# Where is God



## Roger (Aug 12, 2005)

*Where is God*

*Two little boys, ages 8 and 10, are excessively mischievous.

They are always getting into trouble and their parents know if any mischief occurs in their town, the two boys are probably involved.

The boys' mother heard that a preacher in town had been successful in disciplining children, so she asked if he would speak with her boys. The preacher agreed, but he asked to see them individually.

The mother sent the 8 year old in the morning, with the older boy to see the preacher in the afternoon. The preacher, a huge man with a deep booming voice, sat the younger boy down and asked him sternly, "Do you know where God is, son?"

The boy's mouth dropped open, but he made no response, sitting there wide-eyed with his mouth hanging open.
So the preacher repeated the question in an even sterner tone, "Where is God?! Again, the boy made no attempt to answer.

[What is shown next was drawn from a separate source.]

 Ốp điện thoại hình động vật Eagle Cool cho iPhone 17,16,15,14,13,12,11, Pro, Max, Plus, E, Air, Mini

The preacher raised his voice even more and shook his finger in the boy's face and bellowed, "WHERE is GOD?!"

The boy screamed & bolted from the room, ran directly home & dove into his closet, slamming the door behind him. When his older brother found him in the closet, he asked, "What happened?"

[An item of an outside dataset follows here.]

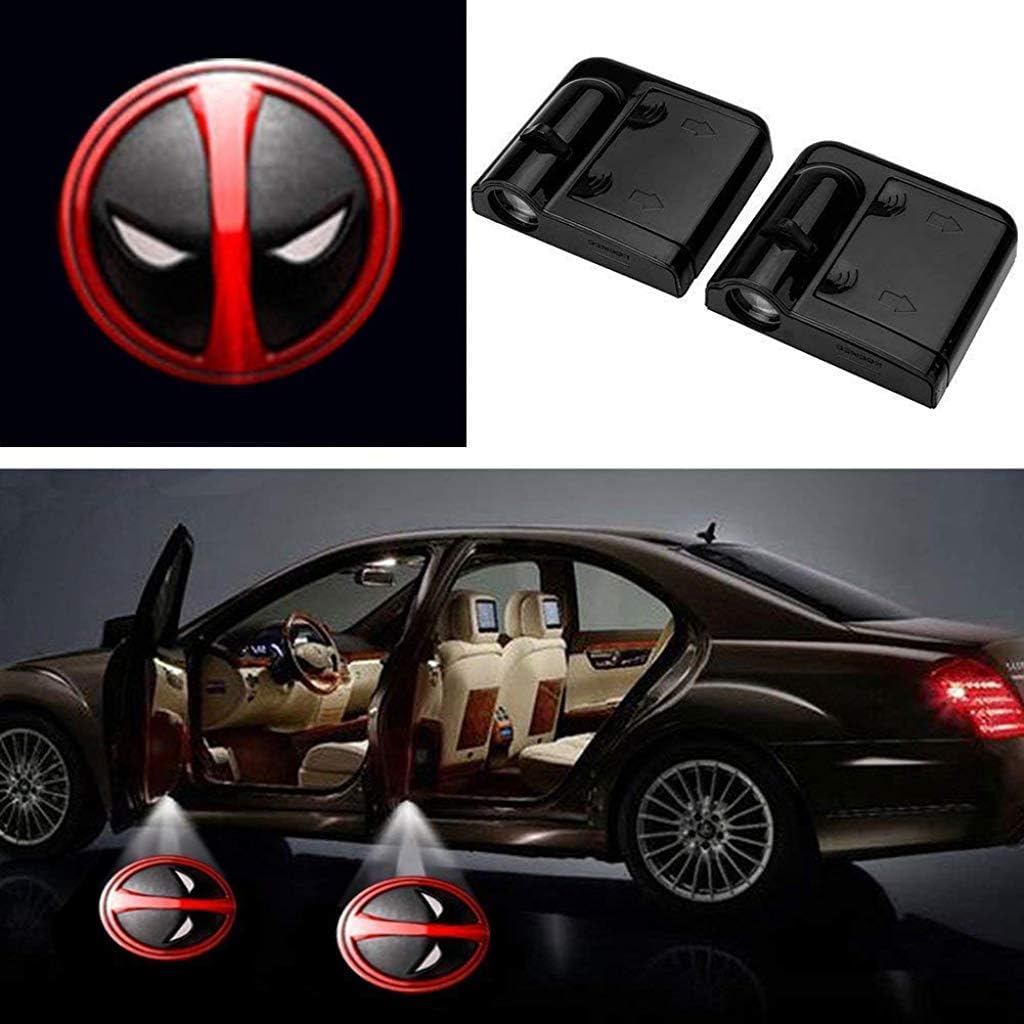 STHIRA® 3D Ghost Shadow Emblems Wireless Door Logo Shadow Ghost Lights (2pcs) fit Ford Focus 2 Fiesta F150 Mondeo Transit Mustang etc (Deadpool Head)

The younger brother, gasping for breath, replied, "We are in BIG trouble this time!" "GOD is missing, and they think WE did it!"*


----------



## Seeker (Jul 6, 2009)

lol


----------



## bubbas kenner (Sep 4, 2010)

that is teaching them the way they should go amen.


----------



## atcfisherman (Oct 5, 2006)

LOL, very good!!!


----------



## SailFishCostaRica (Jan 7, 2010)

That's great.


----------